Six Year Old Performs In Carnegie Hall
Posted on 20 April 2010 by LynThomas in Uncategorized
Clara Tu, a 6 year old from Southbury, Connecticut, has won various piano competition awards since 4 years old. Now the child prodigy has three dates to play at Carnegie Hall. Tu was taught by her mother and has only been playing for around 2 years.
“I like when my fingers move around and I like to make happy songs or sad songs. It’s really fun,” the first-grader told NBC.
On October 18th, 2008, 8 year old third-grader Kailah Young, had been the youngest piano player to play Carnegie Hall. Kailah is also an expert harp player.

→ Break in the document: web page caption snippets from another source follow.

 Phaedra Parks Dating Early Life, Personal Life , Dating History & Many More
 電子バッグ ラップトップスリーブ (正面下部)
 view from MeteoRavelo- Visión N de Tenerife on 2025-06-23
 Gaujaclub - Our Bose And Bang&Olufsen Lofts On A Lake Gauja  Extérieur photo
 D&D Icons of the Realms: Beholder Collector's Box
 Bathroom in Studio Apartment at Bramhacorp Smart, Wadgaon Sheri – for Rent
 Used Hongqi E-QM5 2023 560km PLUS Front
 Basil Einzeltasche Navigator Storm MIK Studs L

The phenomenon of very young talented musicians competing with skilled adult musicians is not a new one.
In May 2009 the world’s youngest string orchestra played Carnegie hall. It was only as the young players (aged up to 12 years old) slid from their seats and stood up at the finish of their performance, that the audience finally realized just how young the performers were.
William Crotch, Norwich, played the organ in St Jame’s Palace, before the King, in 1878, at the age of three and a half. He composed the oratorio The Captivity of Judah at the age of 14 and at 22 he became a professor at Oxford University.

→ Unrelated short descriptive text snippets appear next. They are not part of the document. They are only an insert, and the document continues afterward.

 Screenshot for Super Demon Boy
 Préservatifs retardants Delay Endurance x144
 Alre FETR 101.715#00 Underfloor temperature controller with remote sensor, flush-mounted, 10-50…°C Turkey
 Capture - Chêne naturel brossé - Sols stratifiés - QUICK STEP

The French Composer Charles-Camille Saint-Saens composed his first piece of music for the piano in 1839, at four years of age and gave his first public recital at five.
American Martin Gould published his first composition at 6 years old, in 1919. In 1995 he was awarded a Pulitzer Prize.
New Zealand’s greatest classical pianist, Richard Farrell, made his radio debut at age 4, in 1930. At seven Farrell performed his own composition in a public concert with the Wellington Symphony Orchestra.
Yo-Yo Ma, born to Chinese parents in France in 1955, performed before audiences at the age of 5. He played the cello before President John F Kennedy and Dwight D Eisenhower when he was seven. On October 3rd, 2009, President Barrack Obama appointed Ma to serve on the President’s Committee on the Arts and Humanities.
French classical pianist, Ingmar Lazar made his public debut at age six, in 1999. At nine he gave a recital at the Garibaldi Theatre at Figline Valdamo in Italy.